**Data to examine**:
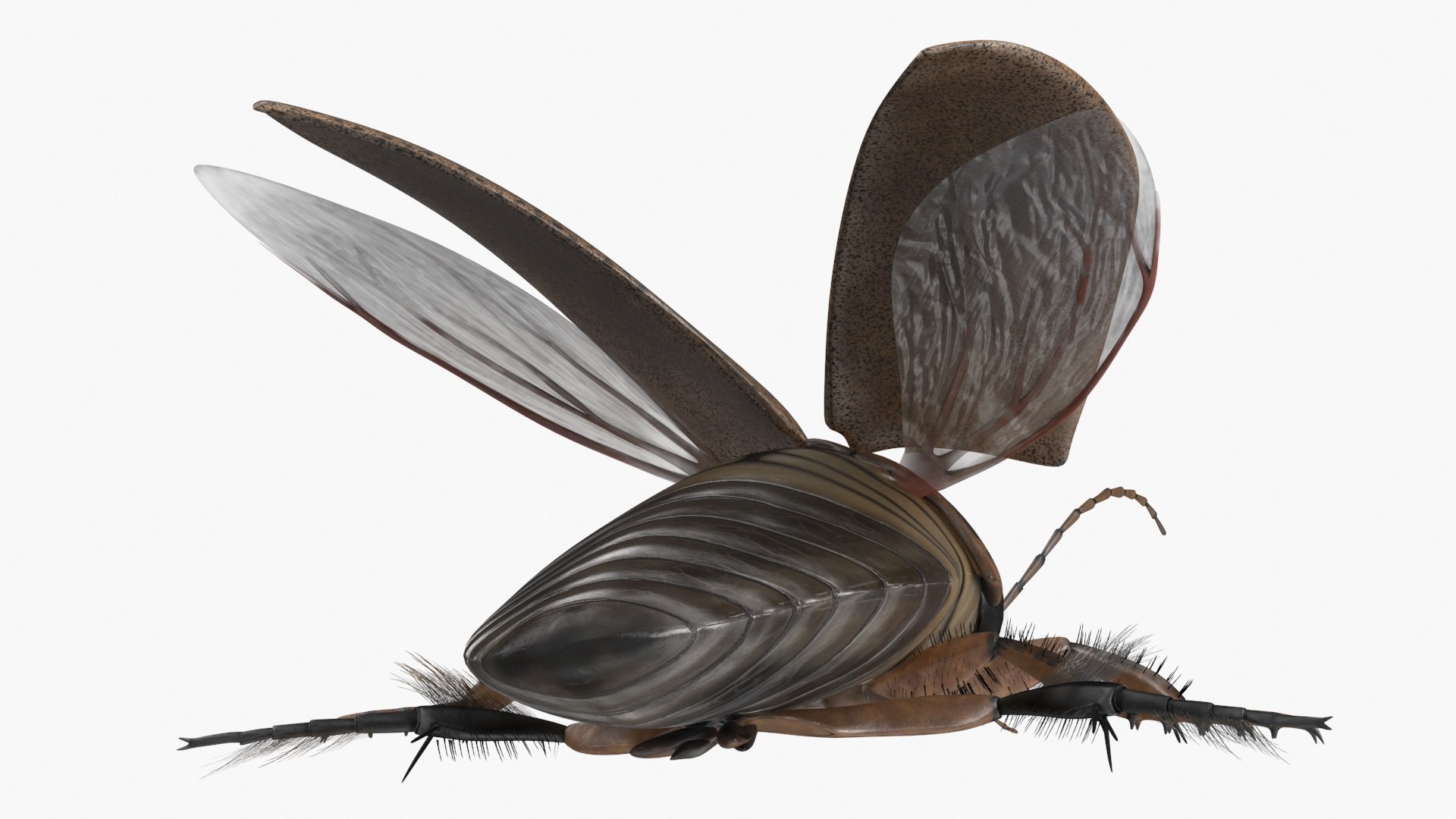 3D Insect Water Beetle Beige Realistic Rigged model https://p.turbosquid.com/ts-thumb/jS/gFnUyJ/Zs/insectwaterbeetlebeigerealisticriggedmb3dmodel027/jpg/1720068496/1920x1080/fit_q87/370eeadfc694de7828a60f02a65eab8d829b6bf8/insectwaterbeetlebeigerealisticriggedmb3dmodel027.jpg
...
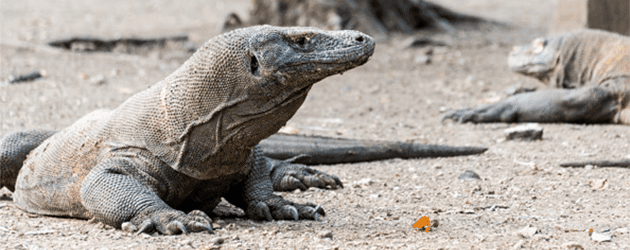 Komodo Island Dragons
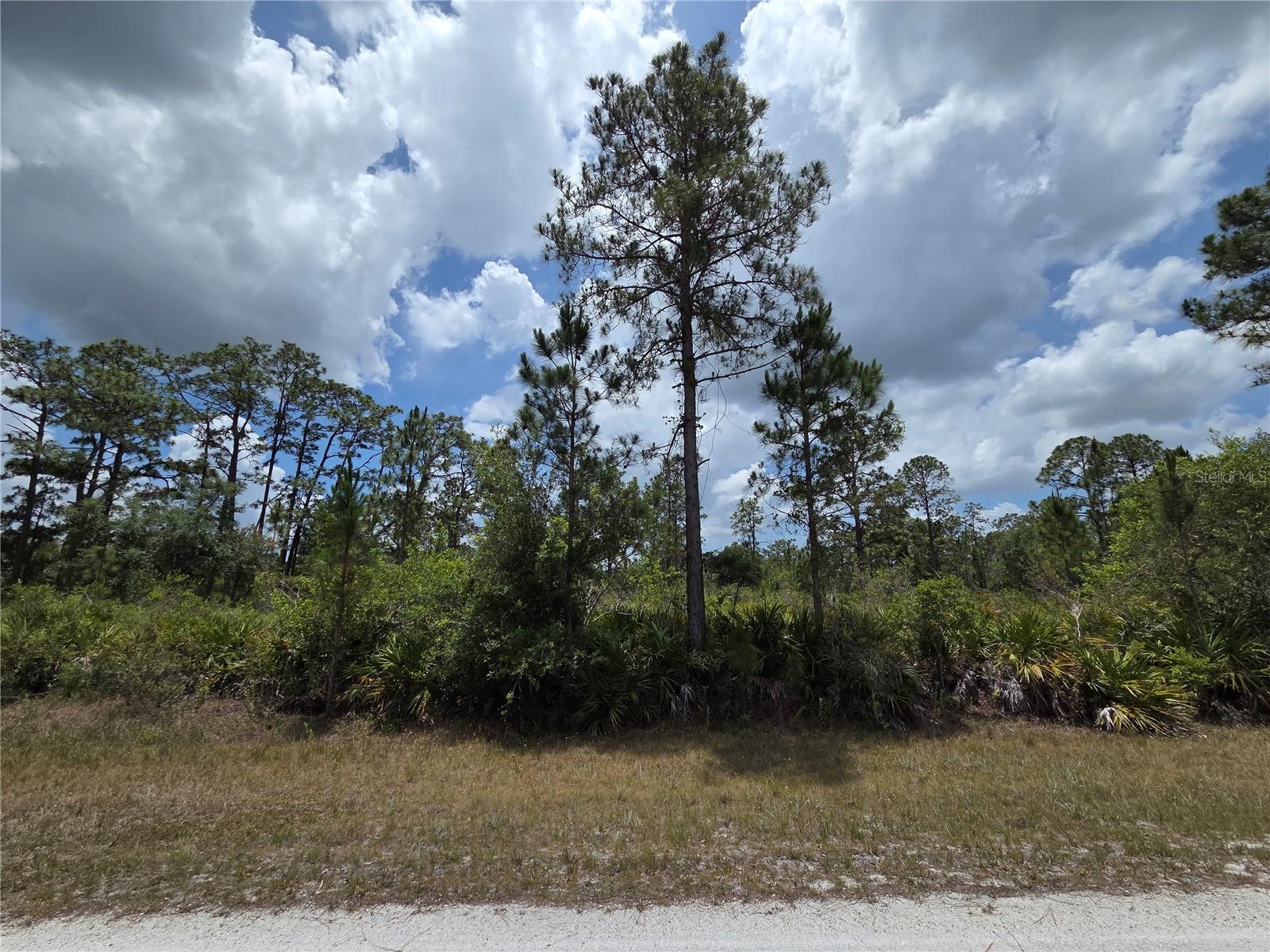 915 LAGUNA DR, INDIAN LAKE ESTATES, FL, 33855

**Task objective**: Where a picture appears in the records above, omit it, and transcribe exactly the stretch of lines from the one with "Komodo Island Dragons" through the one with "915 LAGUNA DR, INDIAN".

**Answer space**:
 Komodo Island Dragons
 915 LAGUNA DR, INDIAN LAKE ESTATES, FL, 33855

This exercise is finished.